The distributive property is a fundamental concept in algebra that allows you to multiply a single term with a group of terms inside parentheses. It's a handy tool to simplify expressions and is often used to clear out parentheses in an equation. This property states that for any numbers or variables a, b, and c, the expression \( a(b + c) \) is equivalent to \( ab + ac \).
For example, in the original equation \(4(f+3) + 5 = 17 + 4f\), we apply the distributive property to \( 4(f+3) \). Here's how it works:

• Multiply 4 by each term inside the parentheses: \(4 \times f\) and \(4 \times 3\).
• This results in \(4f + 12\).

Using the distributive property helps to break down complex equations into simpler parts, making it easier to manipulate and solve them.

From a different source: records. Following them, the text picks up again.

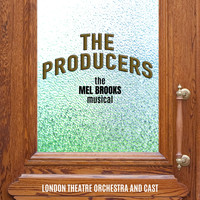 The London Theatre Orchestra and Cast - The Producers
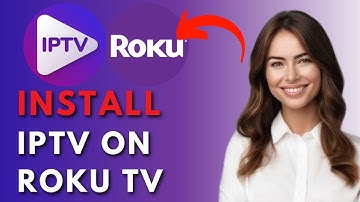 How to Install IPTV on Roku TV – Complete Guide for 2025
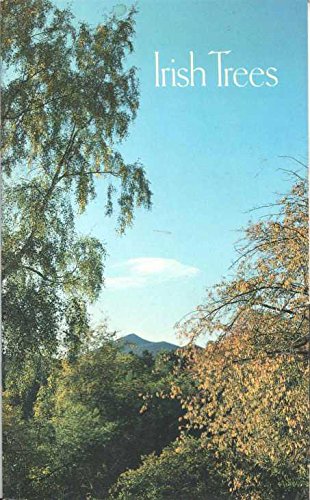 Imagen de archivo de Irish Trees: The Irish Heritage Series, No. 31 a la venta por Bay Used Books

In algebra, combining like terms is a crucial step in simplifying expressions and equations. Like terms are terms that have the same variables raised to the same power. Only the coefficients (the numbers in front of the variables) of like terms can be added or subtracted.
For instance, in the expression \(4f + 12 + 5\), notice that \(4f\) is a term with the variable \(f\), while 12 and 5 are constant terms. The like terms here are 12 and 5, as they are both constant numbers without variables.

• To combine, simply add the coefficients: \(12 + 5 = 17\).

By combining like terms, we simplify the expression, making it easier to see what's happening with the variables and constants in your equation.

Simplifying equations is the process of reducing them to their simplest form, making it easier to solve or understand. After applying the distributive property and combining like terms, the next step is often to move terms around to isolate variables or eliminate redundancies.
In the exercise, we simplified the equation down to \(4f + 17 = 17 + 4f\). The goal here is to get all variable terms on one side and constants on the other. When we subtract \(4f\) from both sides, what remains is the equation \(17 = 17\).

• Notice this tells us something important: the equation holds true regardless of the value of \(f\).
• This means every real number is a solution, as the equation is inherently balanced.

Equation simplification helps reveal underlying truths about equations, such as whether they are always true, never true, or true for specific values.